Exercise instructions: All of the data must be output exactly, with every picture left out.

Recorded data:
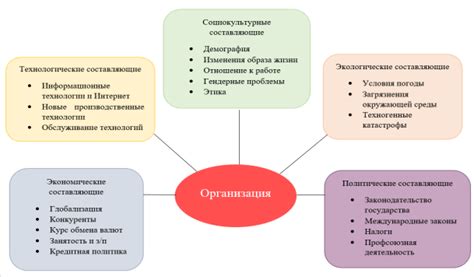 Факторы, влияющие на консистенцию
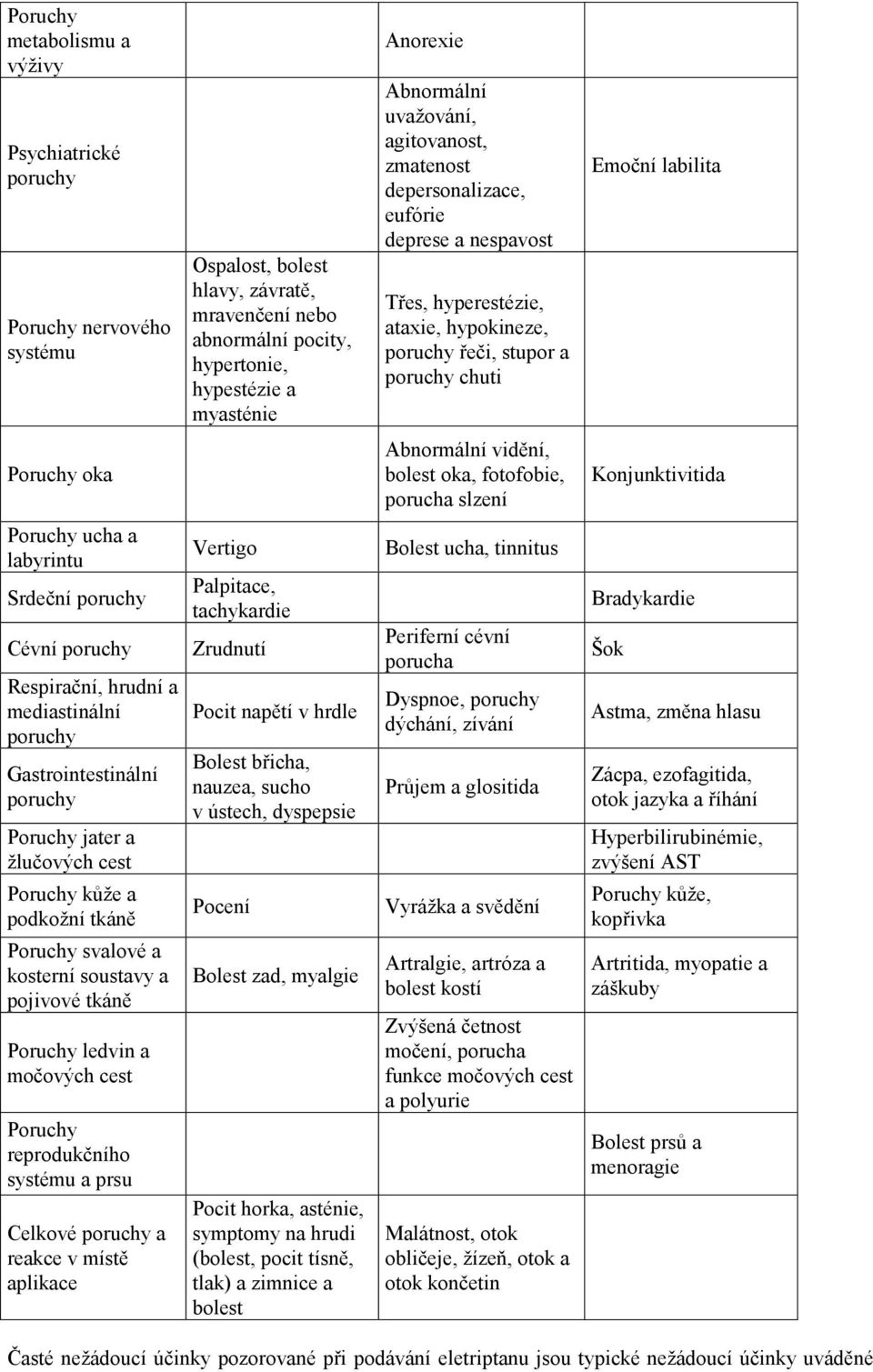 vidění, bolest oka, fotofobie, porucha slzení Konjunktivitida Poruchy ucha a labyrintu Srdeční poruchy Cévní poruchy Respirační, hrudní a mediastinální poruchy Gastrointestinální poruchy Poruchy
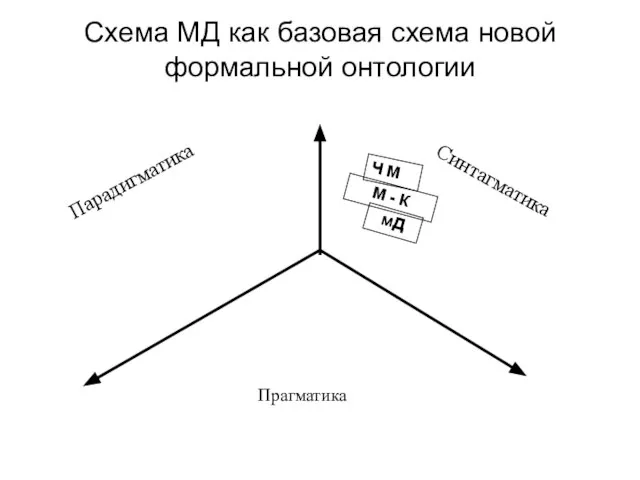 Схема МД как базовая схема новой формальной онтологии Прагматика Парадигматика Синтагматика Ч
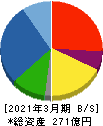 石光商事 貸借対照表 2021年3月期 石光商事 貸借対照表 2021年3月期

Problem solution:
 Факторы, влияющие на консистенцию
 vidění, bolest oka, fotofobie, porucha slzení Konjunktivitida Poruchy ucha a labyrintu Srdeční poruchy Cévní poruchy Respirační, hrudní a mediastinální poruchy Gastrointestinální poruchy Poruchy
 Схема МД как базовая схема новой формальной онтологии Прагматика Парадигматика Синтагматика Ч
 石光商事 貸借対照表 2021年3月期 石光商事 貸借対照表 2021年3月期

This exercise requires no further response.